Is the Small Investor in yet?

There is lots of speculation that the small investor is not involved in the bull market (cyclical that is) that began in 2003. A few thoughts on the matter (and I’ll try to be conservative).

  • Searching for the 90s – I think it’s safe to say that by late 1999 just about every doctor, mechanical engineer and shoe-shine boy was buying shares in the market. Many of the current analysts attempting to counter the “we’ve-reached-another-top” theory are looking for the exact same characteristics that defined the stock bubble of the 90s but this is not the case in secular bear markets.
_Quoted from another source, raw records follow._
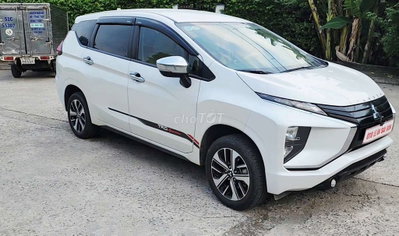 Mitsubishi Xpander 1.5 đời 2018 số sàn trắng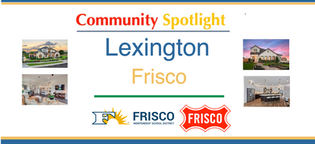 Homes For Sale in Lexington in Frisco Texas 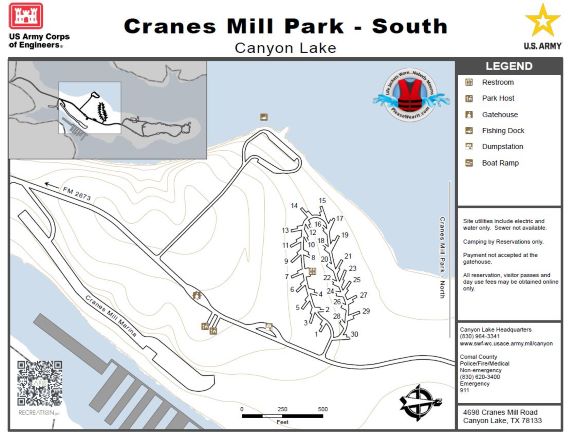 Cranes Mill Park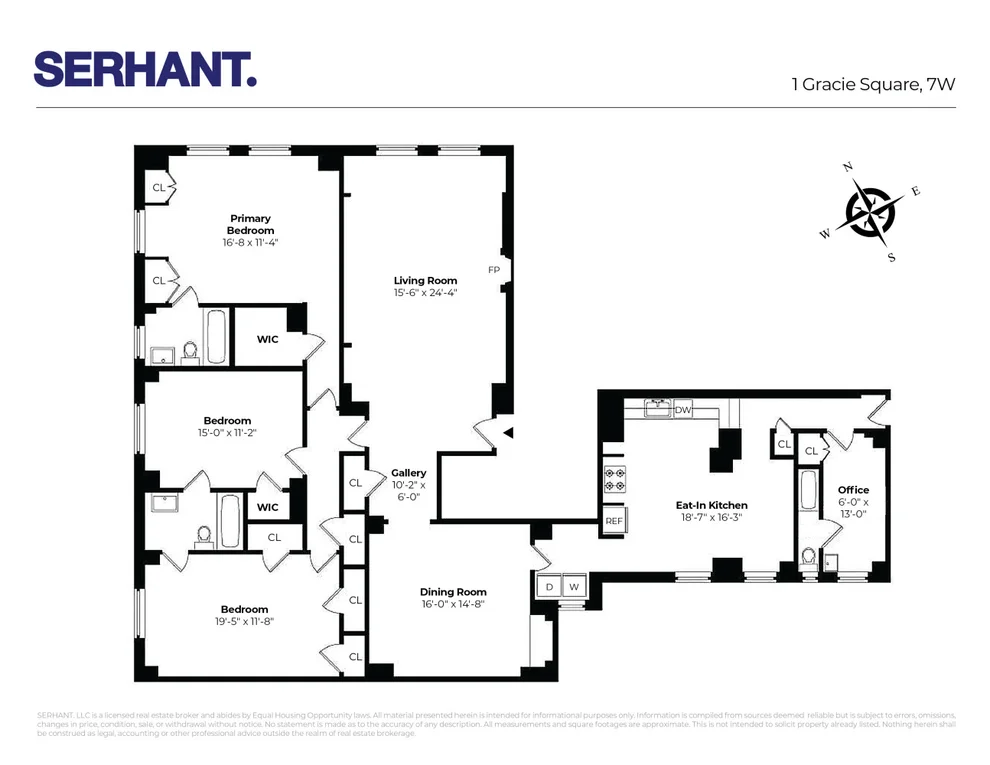 Unit for sale at 1 GRACIE Square, Manhattan, NY 10028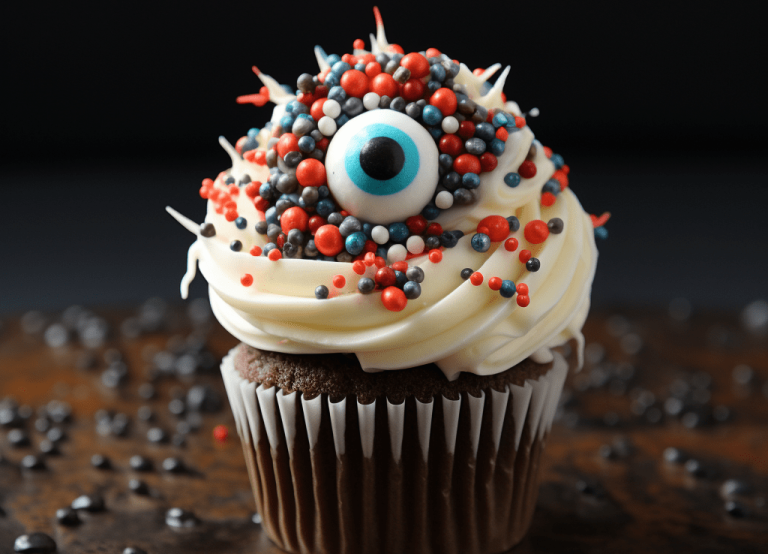 5 Second Halloween Desserts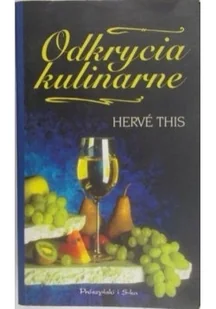 Odkrycia kulinarne - Książki kucharskie - miniaturka - grafika 1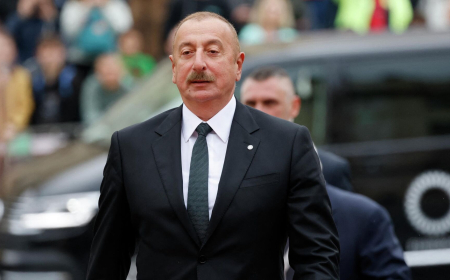 “Siz böyük lidersiniz...” 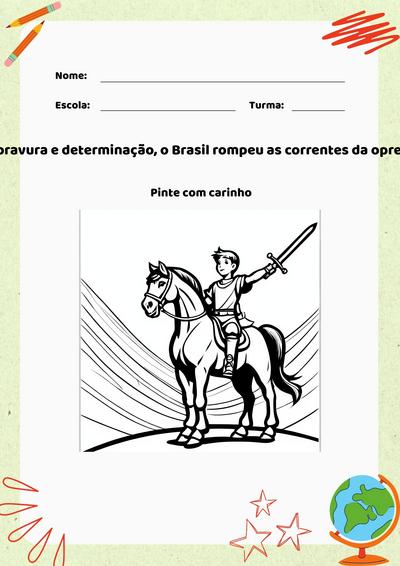 Educar para a Independência: 8 atividades para o Dia da Independência do Brasil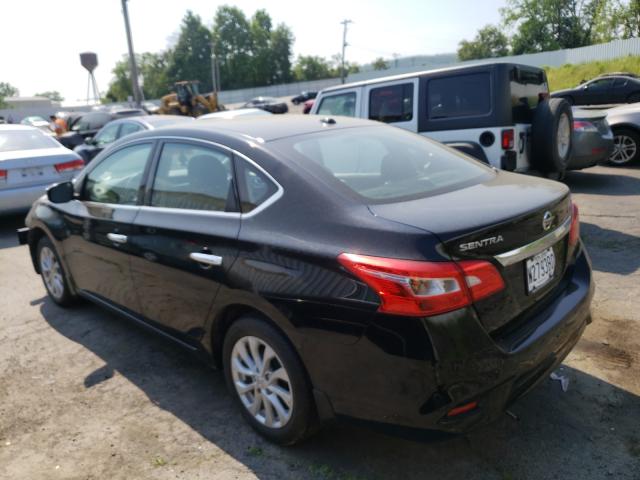 2018 NISSAN SENTRA S 3N1AB7AP9JY237812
On the contrary, it is these exact circumstances of rises and declines that express the insecure and grueling years of a bear market (note that bear doesn’t necessarily indicate a decline but rather a series of years with an overall return that falls far below the rate of monetary inflation).
  • The Savings Rate – Now I am aware that many of you will retort with “But we have other ways of saving such as 401(k)s and these are not counted in the government’s Savings numbers”. While this may be true it is still reasonable to assume that this discounts the ability for the average to invest further in stocks and the sort while many long-term savings plan draw funds directly from one’s employer.
  • Institutionally Familiar – Additionally, many of these accounts are now run by managers of funds of funds. It would therefore be logical to say that these portfolios no longer act as individual investors themselves but rather as large chunks of trading seen quite similar to the institutional interest we’ve been seeing. These funds naturally are also subject to risk taking such as short-selling.
  • A Theory: Two things happened to the many speculators (I’m sure you know them) who took part in the euphoric boom of the 90s. They either a) they made a decent fortune and invested it elsewhere (Real Estate? Art, Collectibles?) or b) they lost most of their capital (in the likes of JSDU, CSCO or MSFT) and quickly turned themselves into long-term investors. It should not take long for these same individuals to realize how enduring that “long-term” truly is. When they do I can see some serious cashing out, especially in favor of some better alternatives that come to mind, along the way. Dow buyers in 1929-1930, even those who bought on the dip after the Great Crash, did not see black until about 33 years later!
  • In the meantime, while visiting the Motley Fool I found this poll (man, I love polls)…
The Motley Poll

Most of my nest egg is invested in …

  • Stocks
  • Mutual funds
  • Bonds
  • Savings/money market account
Results:

  • Stocks

    (6237 votes – 48%)

  • Mutual funds

    (5156 votes – 40%)

  • Bonds

    (277 votes – 2%)

  • Savings/money market account

    (1338 votes – 10%)

I guess we can conclude that the small investor is in it but you’re free to draw your own.